At the smoothie bar, which has fresh fruit and honey but no sugar or dairy, a player was reading the ingredients on the cartons of coconut milk and almond milk. He is trying to gain weight and was looking to see which option contained more calories.

“When I see a guy reading a label, I get so excited,” Nall Richesson said.

“In football I don’t think there’s been a light shone on nutrition,” she added. “There’s a huge focus on weight, but the traditional thought process has been how big can you get in any way, shape or form.

“The challenge with these players is how can they fuel their bodies so they’re energetic and exuberant on the field without inviting the potential health hazards of what being big can bring.”

Lewis, 26, had never given much thought to what he ate. He was, in his words, a reckless eater, until he had a food sensitivity test and discovered his body has an intolerance to many of his favorite foods, including pineapple.

Dining out one night last week at a steakhouse near his downtown apartment, Lewis was careful about his order. He passed up steak for roasted chicken and asked for a side of green beans served dry, without butter. Lewis also ordered a shrimp appetizer and a sweet potato dish but passed on desert, eschewed soda for a glass of water with a slice of lemon, and limited himself to one piece of French bread instead of devouring the whole loaf, as he said he used to do.

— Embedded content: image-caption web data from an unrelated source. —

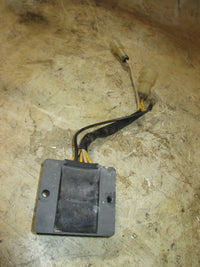 Load image into Gallery viewer, Suzuki DF70 70hp 4 stroke outboard rectifier regulator (32800-92E20)
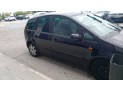 CENTRALITA AIRBAG FORD FOCUS C-MAX 2005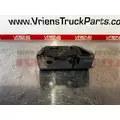 CUMMINS ISX Engine Mounts thumbnail 3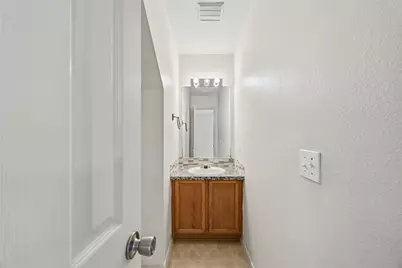 14954 Sugar Sands Drive, Sugar Land, TX 77498 - Photo 10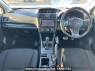 Used 2013 AT subaru xv GP7 Image[16]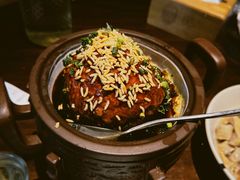 -扬州狮子楼·非遗淮扬菜(总店)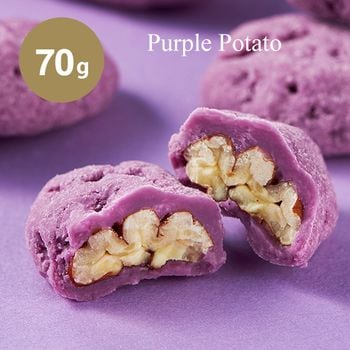 ꡦ ڥʥåĥ祳ʻ70g ɥѥå ڥӥ˥դۡP34ܡ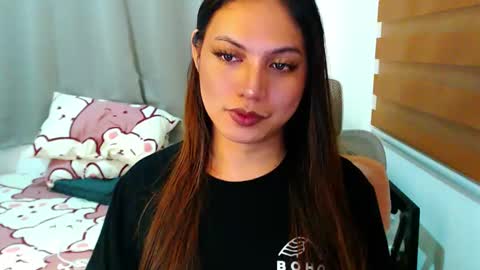 July online show from February 5, 2026, 2:22 pm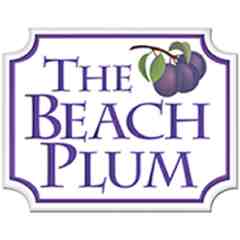 The Beach Plum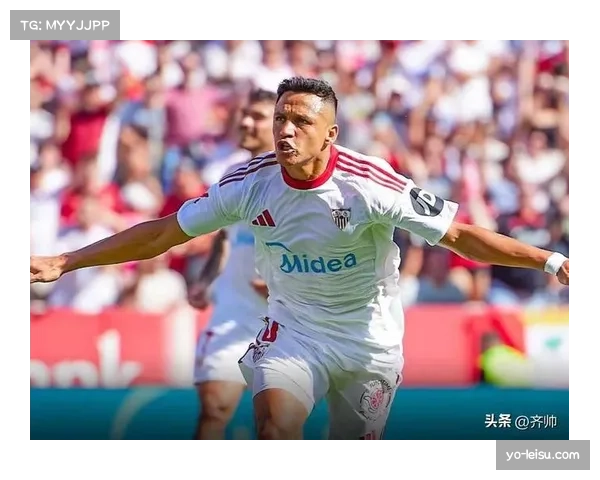 莱万失点桑切斯弑旧主巴萨1比4不敌塞维利亚痛失榜首荣誉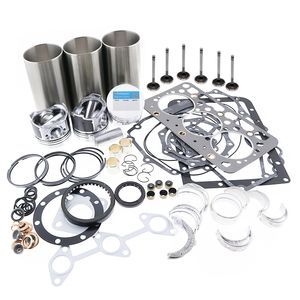 12V 9T Starter Motor 428000-1161 For Kubota Zero Italy - Foto 10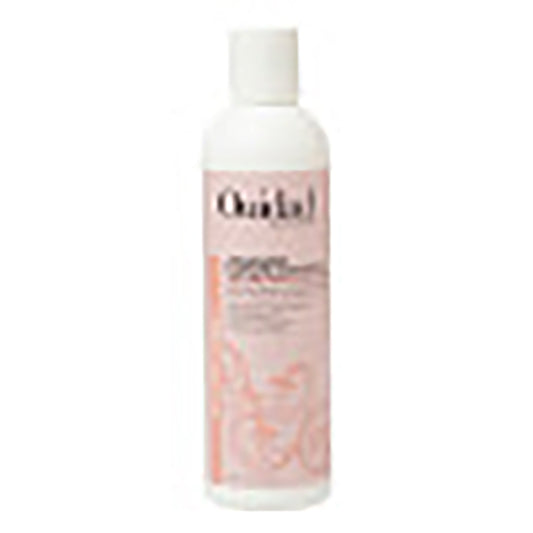 Advanced Climate Control Defrizzing Conditioner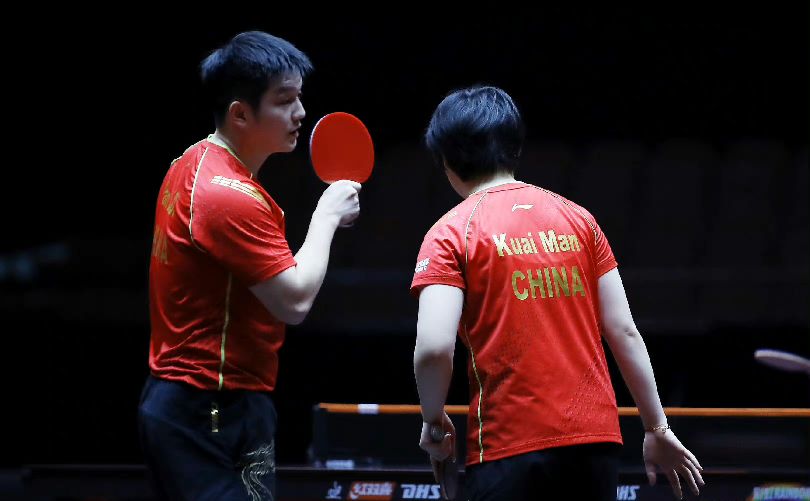 他们的持久 他们的持久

“I recover faster,” said Lewis, who is carrying 254 pounds on his 6-6 frame, down from 275 at the start of the season. “I’m running better. I have more energy. And I’m still strong. This is Week 14 of the season and I feel good. That is ridiculous.”

Lewis, a former star from Southern California, did more than change his diet to improve his performance. He used to escape to Los Angeles immediately after the season to be near his mother, stepfather and three younger siblings, with whom he is close. The last two off-seasons, Lewis rededicated himself to football by remaining here so he could work out regularly with Garrard, a sacrifice far harder than forsaking sweets.